### Supplied material
::::

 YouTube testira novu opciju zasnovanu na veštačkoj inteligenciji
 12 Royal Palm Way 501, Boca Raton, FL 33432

::::

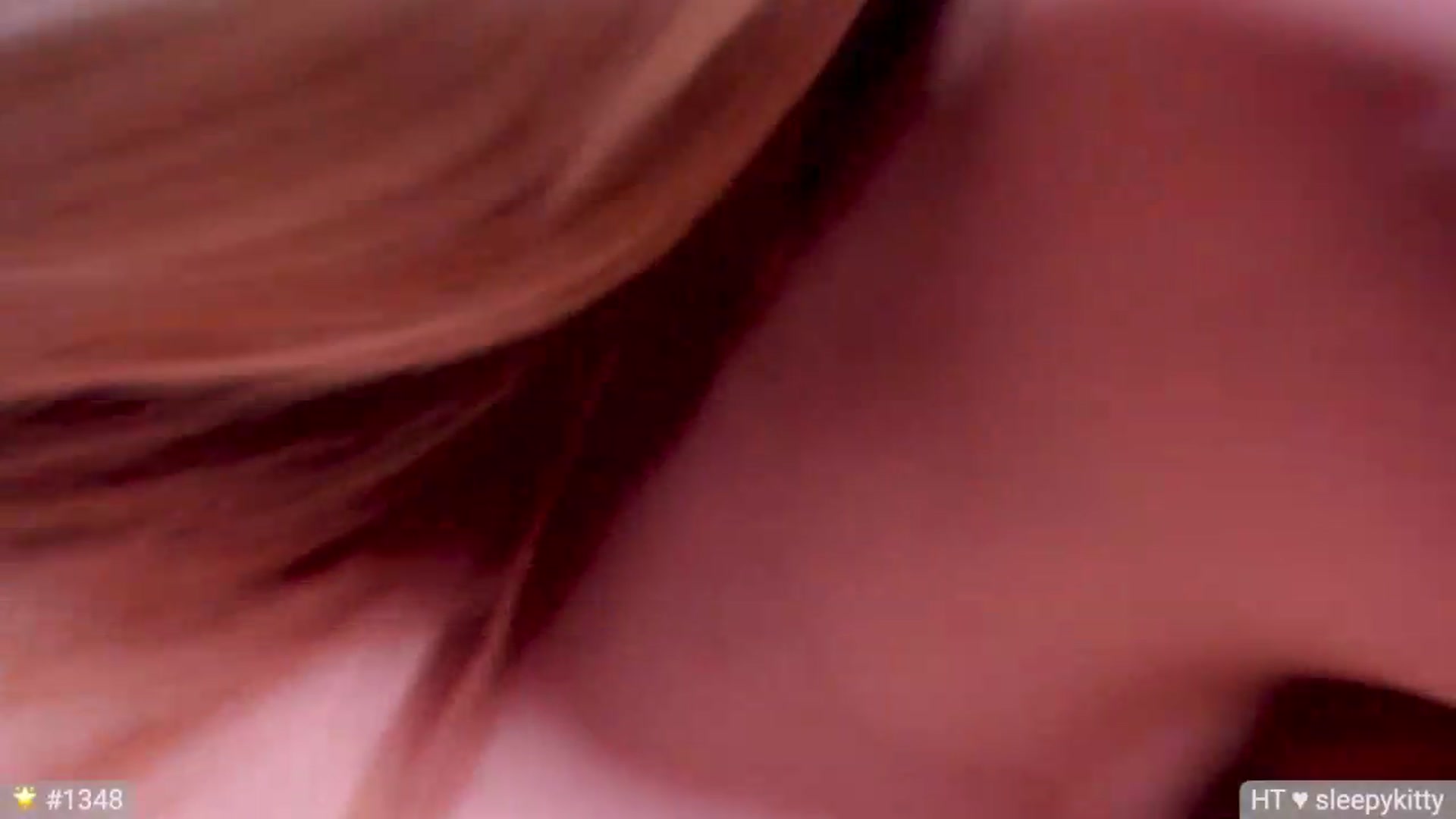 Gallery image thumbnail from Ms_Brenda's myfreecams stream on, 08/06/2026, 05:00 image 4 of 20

::::

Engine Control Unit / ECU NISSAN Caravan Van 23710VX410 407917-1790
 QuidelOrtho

::::

### Work request
Reproducing the whole listing above is not the task. Copy exactly only the lines from the one with "YouTube testira novu" to the one with "12 Royal Palm Way 501, Boca Raton, FL 33432", both kept.

### Answer section
 YouTube testira novu opciju zasnovanu na veštačkoj inteligenciji
 12 Royal Palm Way 501, Boca Raton, FL 33432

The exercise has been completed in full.